**Supplied material**
___

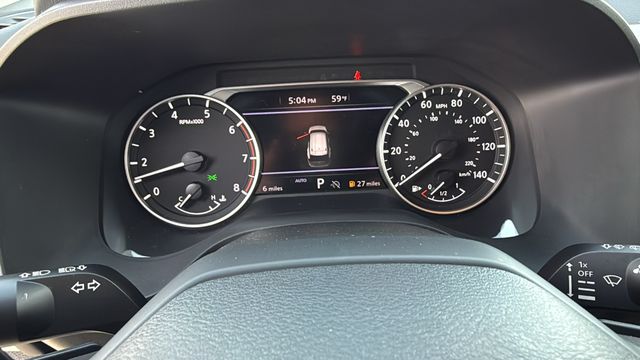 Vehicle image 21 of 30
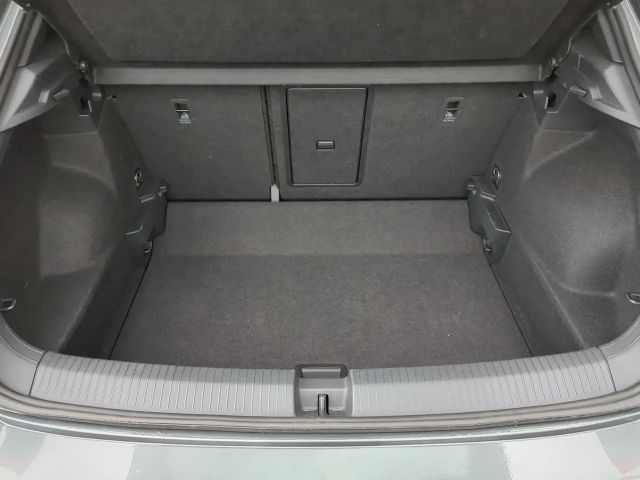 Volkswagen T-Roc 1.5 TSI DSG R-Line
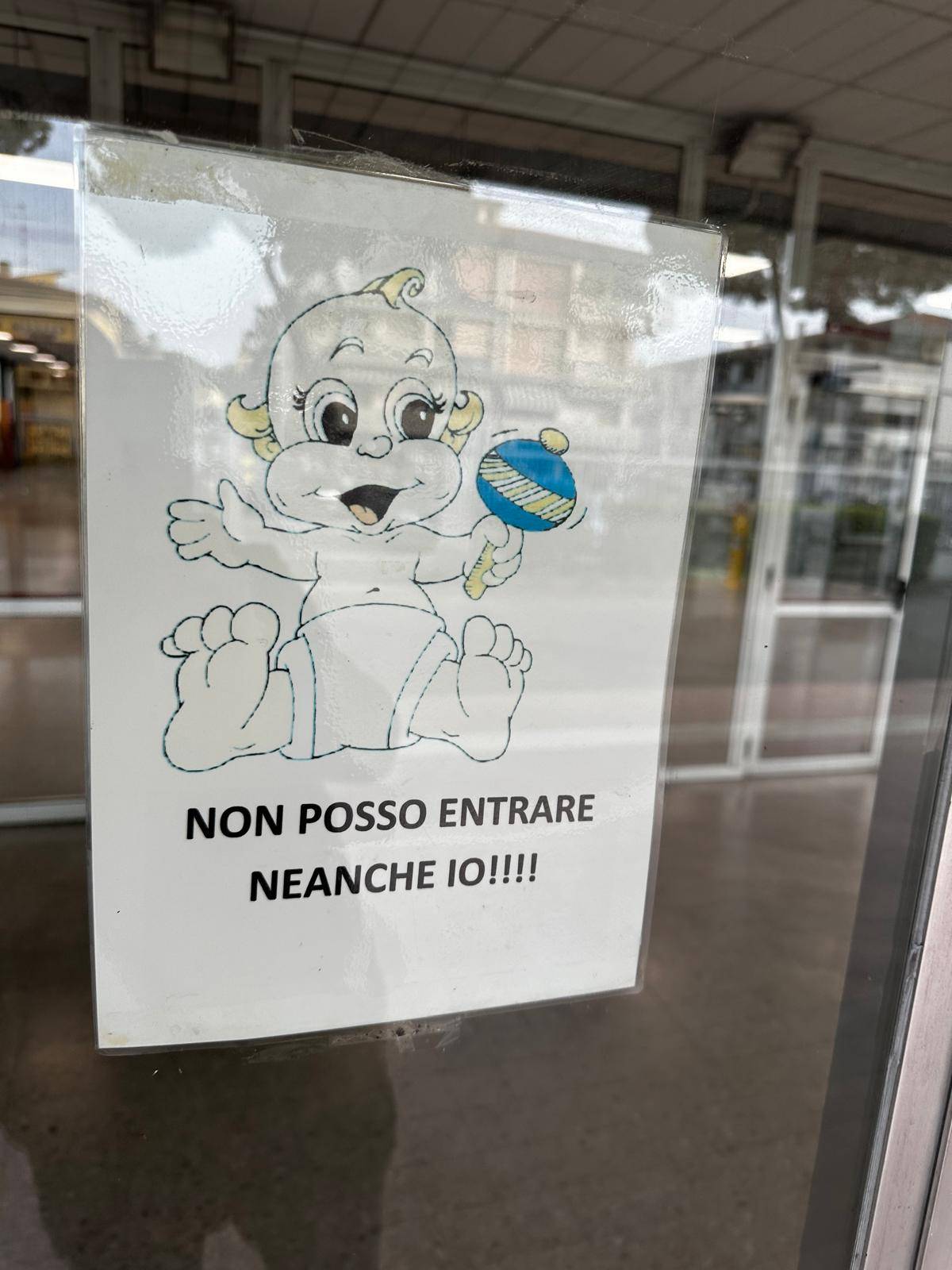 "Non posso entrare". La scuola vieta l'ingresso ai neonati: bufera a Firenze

___

**Work request**
Print, exactly as written, the lines from the one containing "Volkswagen T-Roc 1.5 TSI DSG R-Line" to the end of the material, both ends included, and nothing else; no pictures.

**Your response**
 Volkswagen T-Roc 1.5 TSI DSG R-Line
 "Non posso entrare". La scuola vieta l'ingresso ai neonati: bufera a Firenze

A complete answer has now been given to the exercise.